WHAT IS REQUIRED:
Nothing outside the range is to be copied. From the entries below, reproduce exactly the lines starting at the one with "900905 - Gold" and ending at the one with "掛け金を設定して［Spin］ボタンを押し、スロットを回す", without pictures.

INFORMATION SHOWN:
╔══

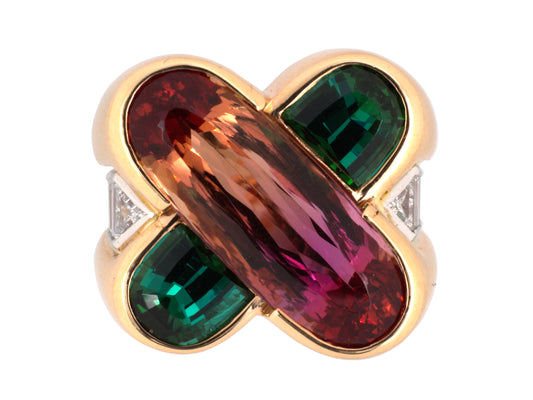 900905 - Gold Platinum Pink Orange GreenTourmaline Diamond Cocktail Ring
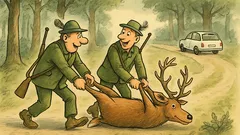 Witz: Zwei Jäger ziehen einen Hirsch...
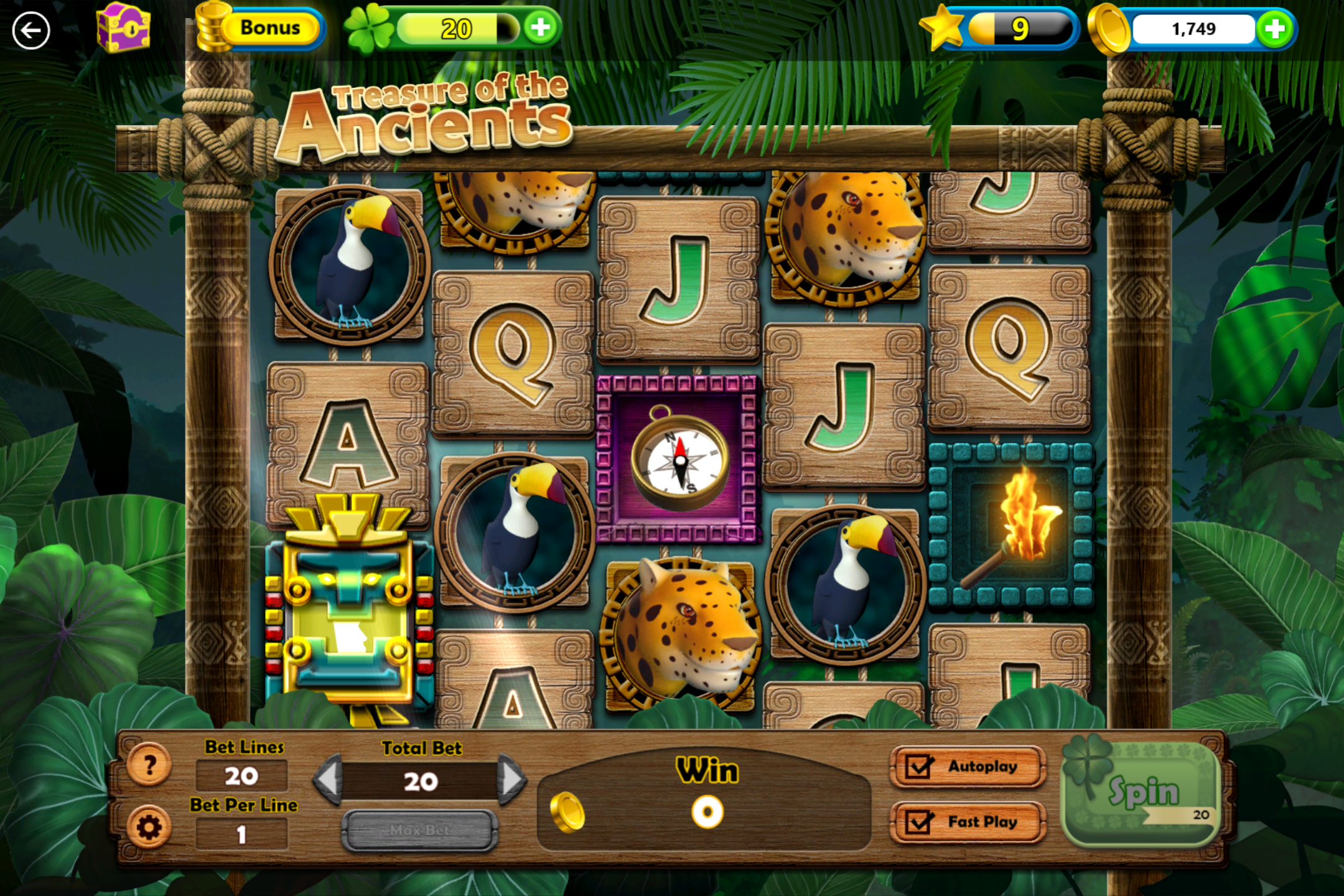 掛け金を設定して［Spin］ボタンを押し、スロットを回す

╚══
╔══

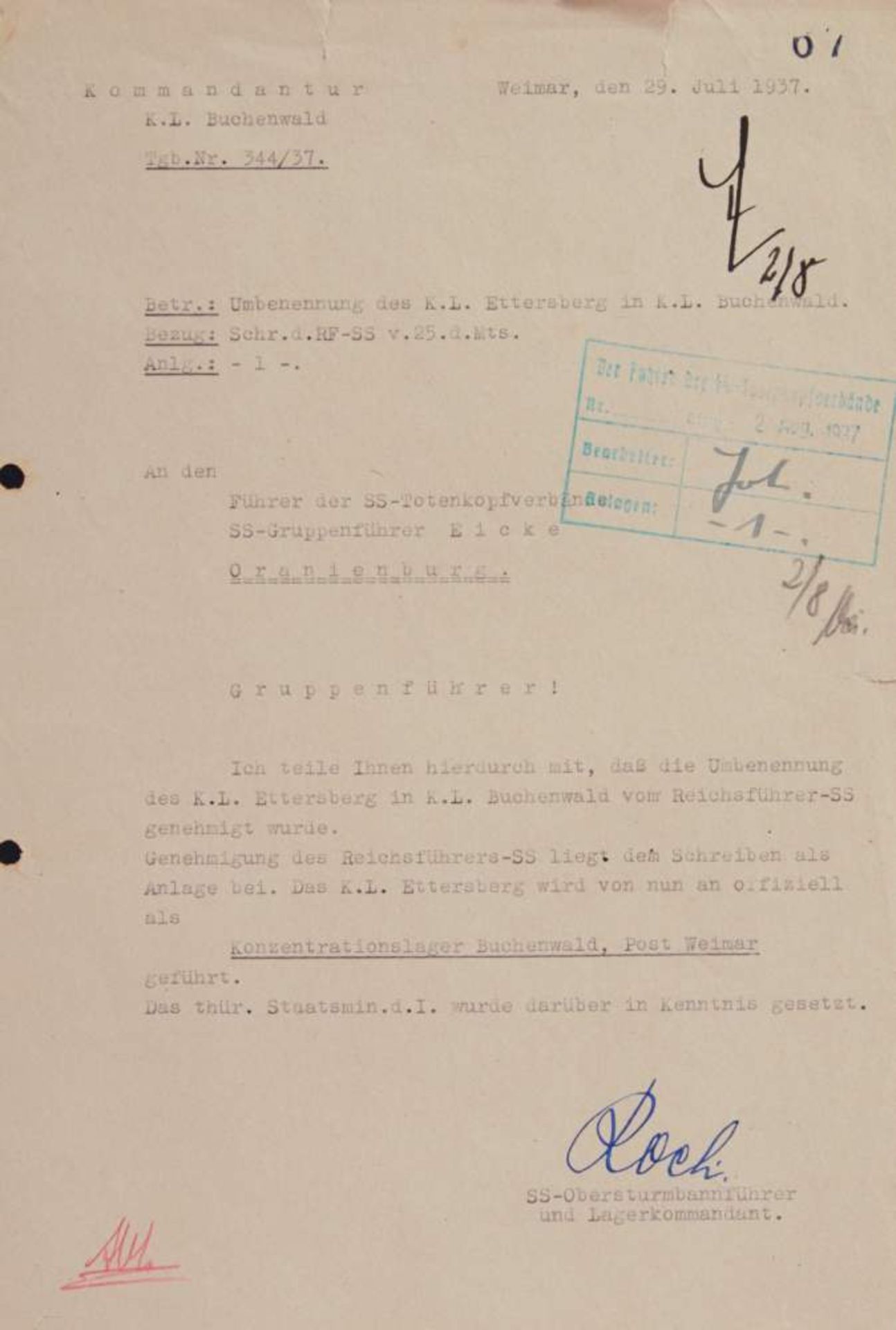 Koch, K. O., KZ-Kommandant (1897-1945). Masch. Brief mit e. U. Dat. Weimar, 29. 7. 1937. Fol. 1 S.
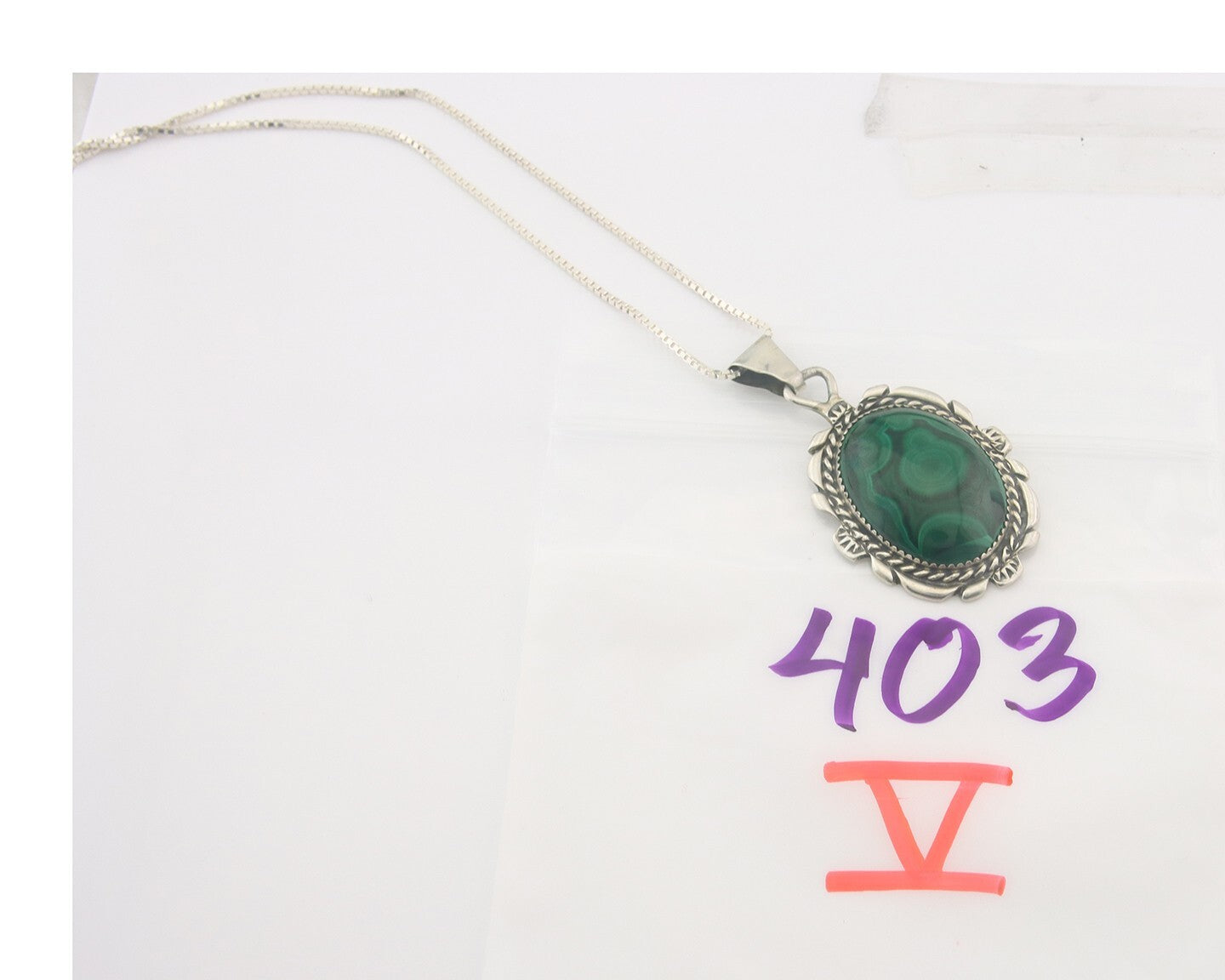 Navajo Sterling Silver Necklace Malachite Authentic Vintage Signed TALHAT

╚══
╔══

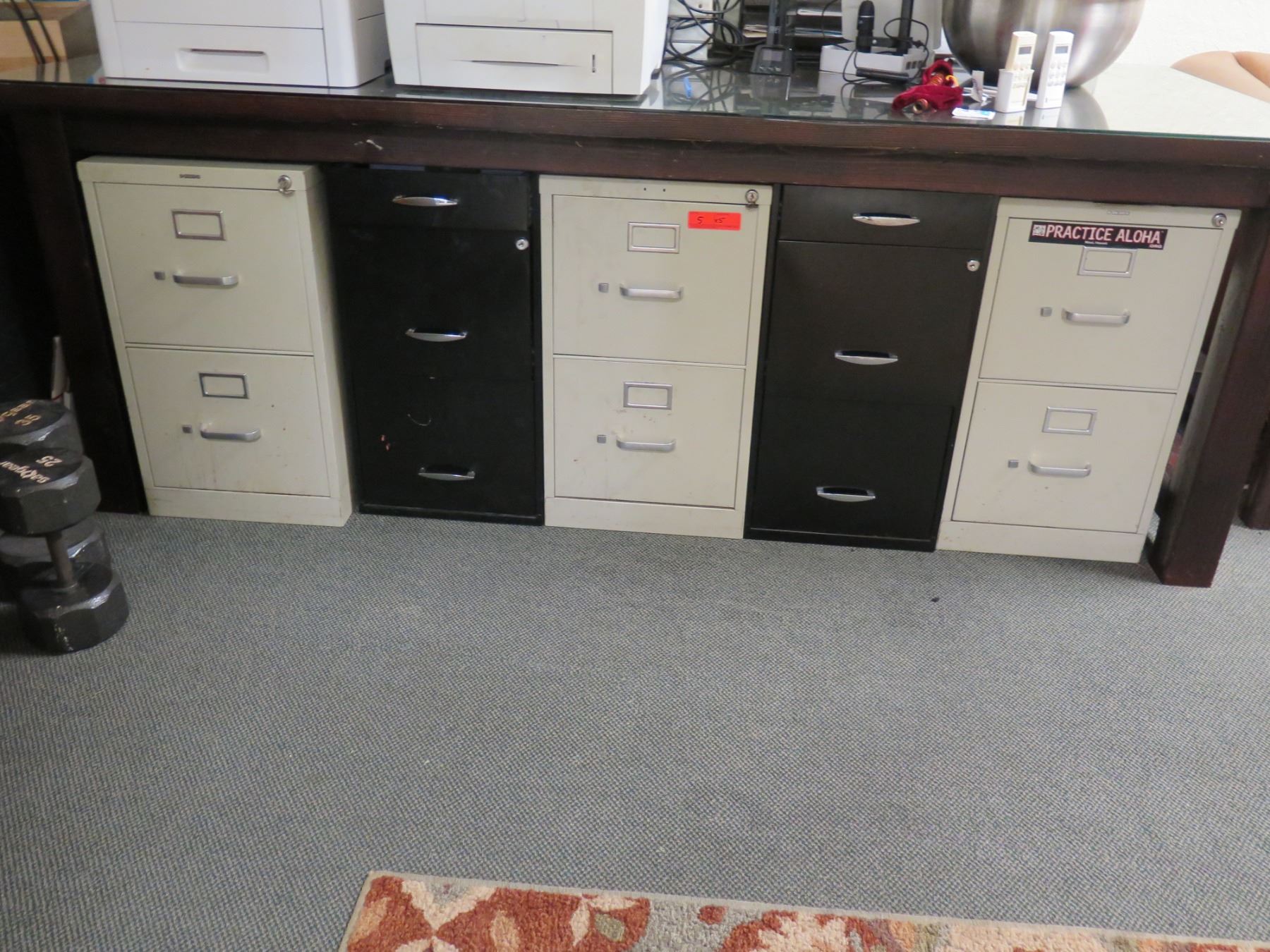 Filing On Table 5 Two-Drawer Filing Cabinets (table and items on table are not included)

╚══

TASK OUTPUT:
 900905 - Gold Platinum Pink Orange GreenTourmaline Diamond Cocktail Ring
 Witz: Zwei Jäger ziehen einen Hirsch...
 掛け金を設定して［Spin］ボタンを押し、スロットを回す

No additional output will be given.